Clean Plate Charlie: Two-part question. First, how would you differentiate your cooking from Zach Bell's? Second, our critic this week describes your cooking as a display of "bolder seasoning and bigger flavors." Can you speak to that?

Bell and I are from the same school, so our styles are

very similar. But each chef has his own idiosyncratic style. I've been

with Boulud for over ten years, most recently at DBGB, which aims to attract a younger crowd with bigger flavors than you'd

typically find at a restaurant by Daniel Boulud. So my most recent

tenure at DBGB comes through in my cooking here.

At Boulud's announcement

of your taking the helm here, he mentioned Bell's bringing a "Florida

feel" to cuisine at the restaurant. How has geography influenced your

cooking here so far?

Though I've only been in Florida two months, what's exciting so

far is finding fish I couldn't get in New York: all sorts of flounder,

snapper, spiny lobster, wahoo. We get our fish from Gary's Seafood out

of Orlando as well as several other purveyors. Part of my job here is to

assess and reevaluate relationships with purveyors to find the freshest

local ingredients that are available.

What's your favorite dish on the menu right now?

An eggplant-wrapped swordfish with lentil stew and

house-made merguez sausage. This is an example of a dish where I can play with

ingredients that are out of reach for me in New York, pricewise.

Swordfish is something I could have served as a special, but the price

was too high to add it to the menu at DBGB. The spiced lentils are bold,

and the sausage -- having worked with meat and charcuterie for so long -- is

dear to my heart. It's a fun dish, but it's also very Daniel.

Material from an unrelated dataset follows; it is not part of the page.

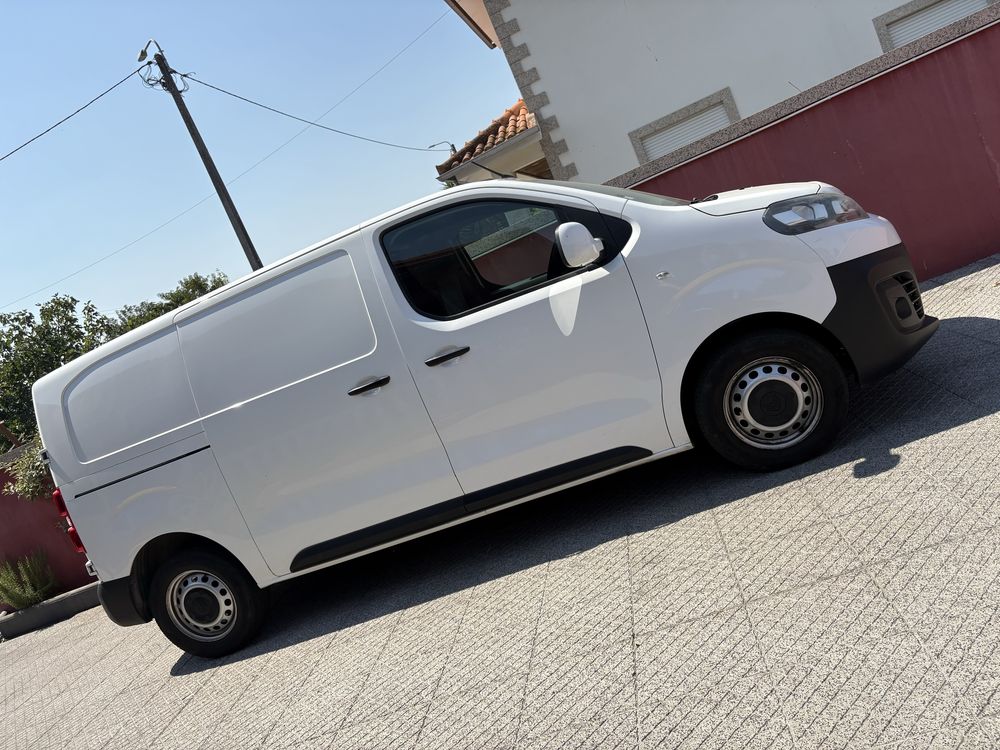 Citroen Jumpy comercial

What can we expect in the future?

I've already changed more than three-quarters of the menu from what it

was when Zach was here. Going forward, we'll take the temperature of

what people respond to, what's successful and what's not. We intend to

move in the same direction. This is a very successful restaurant, an

institution in Palm Beach.

Has your wife moved down from New York yet?

She's back and forth, managing our relocation. We're still trying to nail down housing.